The decision to change the church’s name comes in the wake of the white supremacist and southern heritage rally in Charlottesville last month. Several congregation members filling the church’s parish hall for the vestry meeting cited the Charlottesville events as their reason for supporting the name change.
A few in the audience opposed it, saying the church should not make any decisions that are reactionary. The judgment ultimately went to the vestry, who voted seven to five to change the name.
Keith Gibson, Executive Director of the Virginia Military Institute’s Museum System, voted on the vestry in favor of the change. He called himself Lee’s “greatest admirer” but said that the general himself would not have wanted the church named after him.
KEITH GIBSON: Our name might be an obstacle for those who wish to attend here. We’ve looked at many different options to that. … Now we can move forward and all worship in the church with a name that Robert E. Lee himself worshiped in.
The new name harks back to what the church was called when Lee served as senior warden in the 1860s: Grace Church. The name was changed in honor of Lee 33 years after his death in 1870 -- and then again last night.
The first time the church voted on this issue was two years ago, following the white supremacist attack that killed nine people at an African Methodist Episcopal church in Charleston, South Carolina.
Anne Hansen, a member of the committee that wrote the resolution voted on yesterday, said the name change has been a topic of controversy ever since.
ANNE HANSEN: The whole thing came up as a result of the fallout the first time we went through the question of changing the name, and there was a lot of unhappiness in the parish and the feeling that that issue had really torn us apart.
According to Hansen, several people on both sides of the issue have left the parish in the last two years as a result.
HANSEN: I think initially when a lot of people moved on, it was clearly because of the name. And then there’s been a lot of people leaving just because of the rancor in the church.
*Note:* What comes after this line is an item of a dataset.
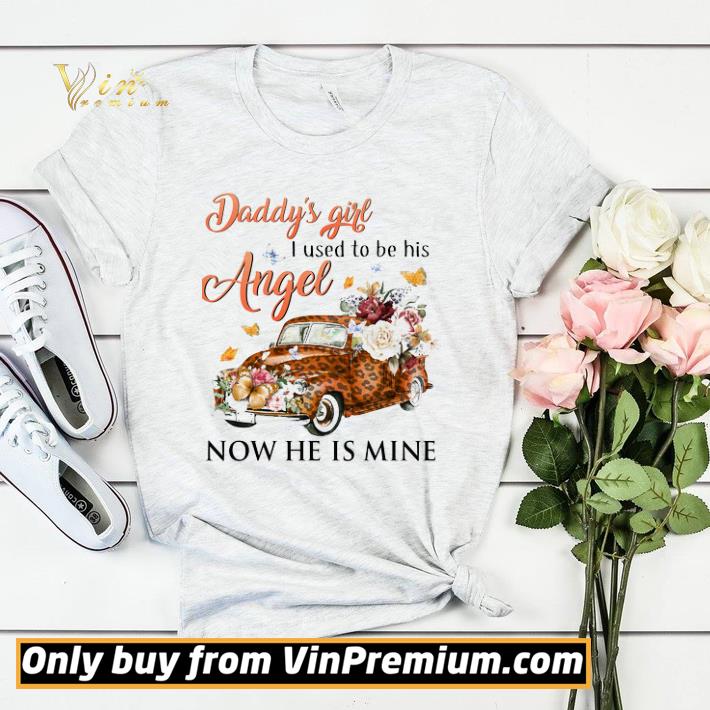 Car Leopard Daddy's Girl I Used To Be His Angel Now He Is Mine shirt sweater 33eca791 car leopard daddy s girl i used to be his angel now he is mine shirt sweater 4 - Car Leopard Daddy's Girl I Used To Be His Angel Now He Is Mine shirt sweater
Peter Fyfe, a long-time member of the congregation, said he wanted to keep the name -- but ultimately, just wanted to see the church get back to normal.
PETER FYFE: I just think this has been very, very disruptive. People have not behaved like good Christians. Love thy neighbor, you know. Politically, I’m liberal but on this, I actually don’t think it’s a good idea. I would not leave the church over it.
Part of the resolution that was approved last night included a clause that the church would do something else to honor Lee’s contribution to his parish, such as putting up a historical marker or renaming the basement parish hall.